Avoid Hungarian-style suffixes

Don't decorate names to indicate implementation/type choices; avoid suffixes like SigmaRecord, AsRecord, Record, Sigma (e.g., AlgebraAsRecord or AlgebraAsSigma). If two forms exist (e.g., record and Σ), then use a different organizing principle — separate modules, or a Bundles/ suffix for the record form and bare naming for the canonical Σ form.


Notation and symbol table

agda-algebras uses Unicode heavily. The following table catalogues the canonical notation.
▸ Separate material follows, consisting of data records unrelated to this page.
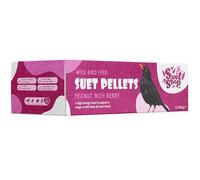 Suet Shop - Peanut & Berry Flavoured Suet Pellets, 12.55kg Bulk Wild Bird Food - Enriched with Human Grade Beef Tallow, High in Energy & Protein - All-Season Bird Feed - Manufactured In The UK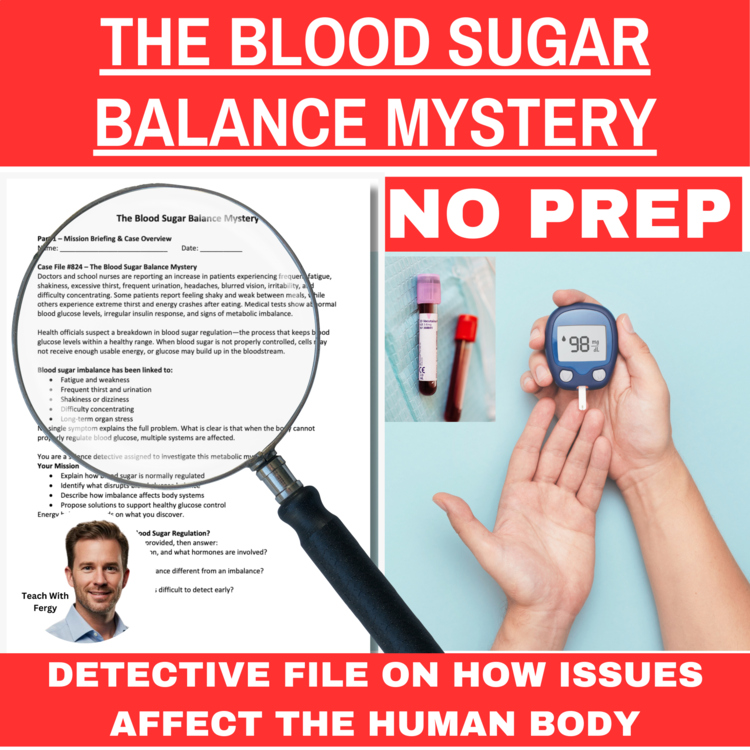 The Blood Sugar Balance Mystery – Detective SUB PLAN | Insulin, Cells, Pancreas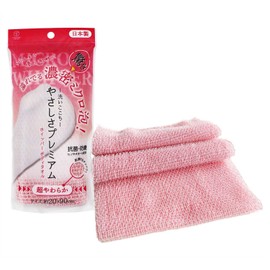 Yokozuna Whipper Body Towel, Ultra Soft, Pink, Fine Dense Micro Foam, Foaming, Antibacterial, Odor Resistant, Hinokitiol Formulation, 35.4 x 7.9 inches (90 x 20 cm), Made in Japan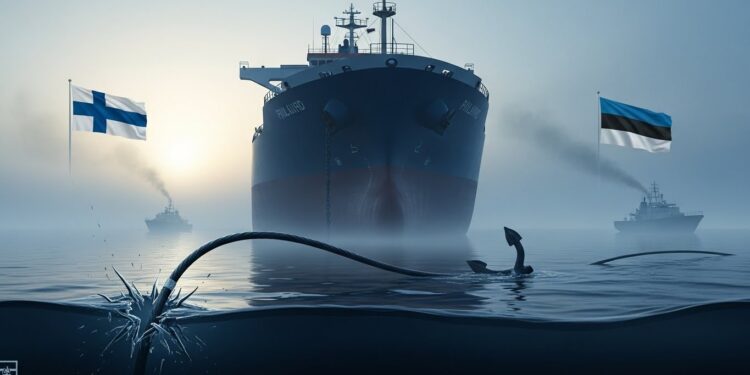 Un cargo soupçonné davoir endommagé un câble Helsinki Tallinn quitte la Finlande un membre déquipage reste détenu Enquête en cours sur cet incident en mer Baltique   Viral Mag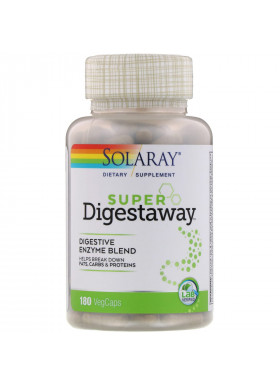 Solaray, Super Digestaway, Digestive Enzyme Blend, 180 VegCaps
New code uses these symbols; old code is migrated during M4-1.

Projections and pair operations

Symbol Meaning Source Status/Plan
∣_∣ First projection of a Σ-type Overture.Basic deprecated : replace with proj₁ in v3.0
∥_∥ Second projection of a Σ-type Overture.Basic deprecated : replace with proj₂ in v3.0
_,_ Σ-type constructor stdlib Data.Product standard : retain in v3.0
Σ[_∈_]_ Σ-type binder syntax stdlib Data.Product standard : retain in v3.0

In the upcoming release cycle we will replace ∣_∣ and ∥_∥ with the more standard proj₁ and proj₂ throughout. The vertical-bars convention was an agda-algebras idiom carried over from earlier TypeTopology-style developments; they make the code less readable for mathematicians who typically reserve those symbols for absolute value and norm, and the stdlib names bridge more cleanly to Data.Product.
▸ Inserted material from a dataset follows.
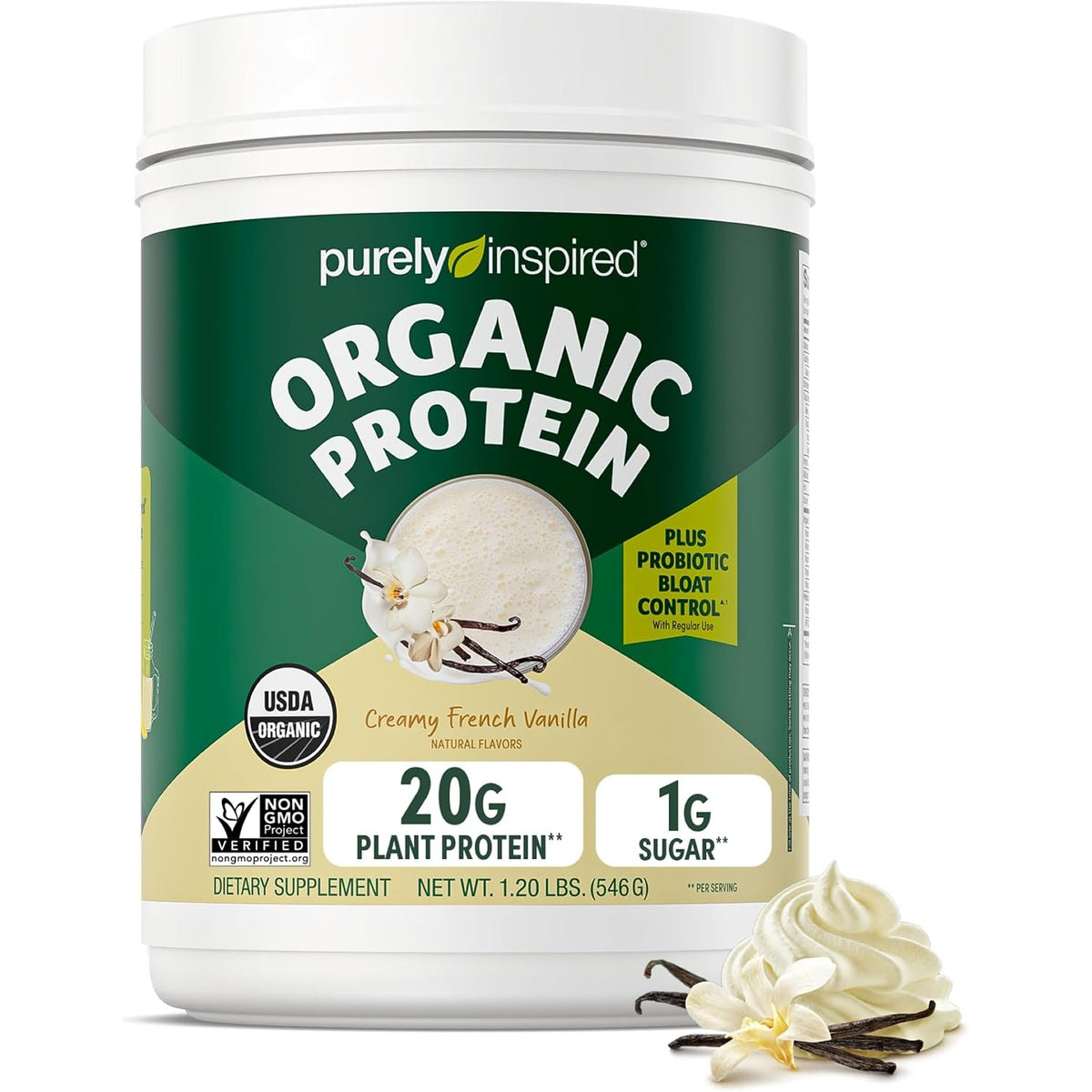 Purely Inspired Plant-Based Protein Powder, Creamy French Vanilla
Scope note. These projections are used pervasively throughout src/ and docs/lagda/ — this is the largest syntactic change in the 3.0 cycle. The rationale and migration plan will be captured in a dedicated ADR (see M1-6), and the mechanical sweep is scheduled as part of M4-1. Until then, existing ∣_∣ / ∥_∥ callsites remain valid; new code may use either notation, but proj₁ / proj₂ is preferred.

Universe levels

Symbol Meaning
𝓞 Level of operation-symbol types in a signature
𝓥 Level of arity types in a signature
α, β, γ, δ Generic level variables for algebra carriers
ρ, ρᵃ, ρᵇ, ρᶜ Relation/equivalence levels (the "second level" of a setoid algebra)
Generic level variable

𝓞 and 𝓥 are semantically charged; see the Universe levels section below.
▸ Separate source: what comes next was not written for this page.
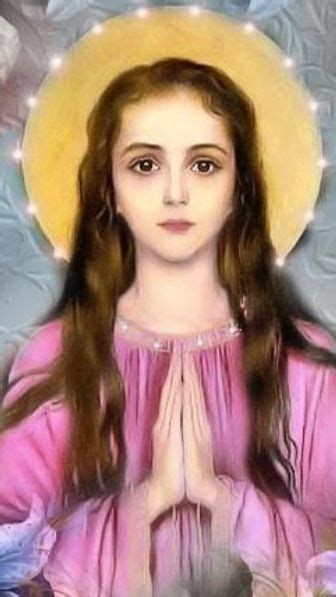 La Virgen NiÑa Pinturas Religiosas Santos Católicos Imágenes Religiosas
Algebras and homomorphisms

Symbol Meaning
𝑨, 𝑩, 𝑪 Algebras (mathematical bold uppercase)
𝑎, 𝑏, 𝑐 Elements of an algebra's carrier
𝑆 A signature
𝑓, 𝑔 Operation symbols, or (in hom-context) homomorphisms
𝒽 A homomorphism or family of homomorphisms
𝒾𝒹 Identity homomorphism
𝓁𝒾𝒻𝓉, 𝓁ℴ𝓌ℯ𝓇 Universe-lifting homomorphism and its inverse

Plain-text A, B denote carrier types; mathematical bold italic 𝑨, 𝑩 denote models (e.g., algebraic or relational structures); italic 𝑆 denotes the signature.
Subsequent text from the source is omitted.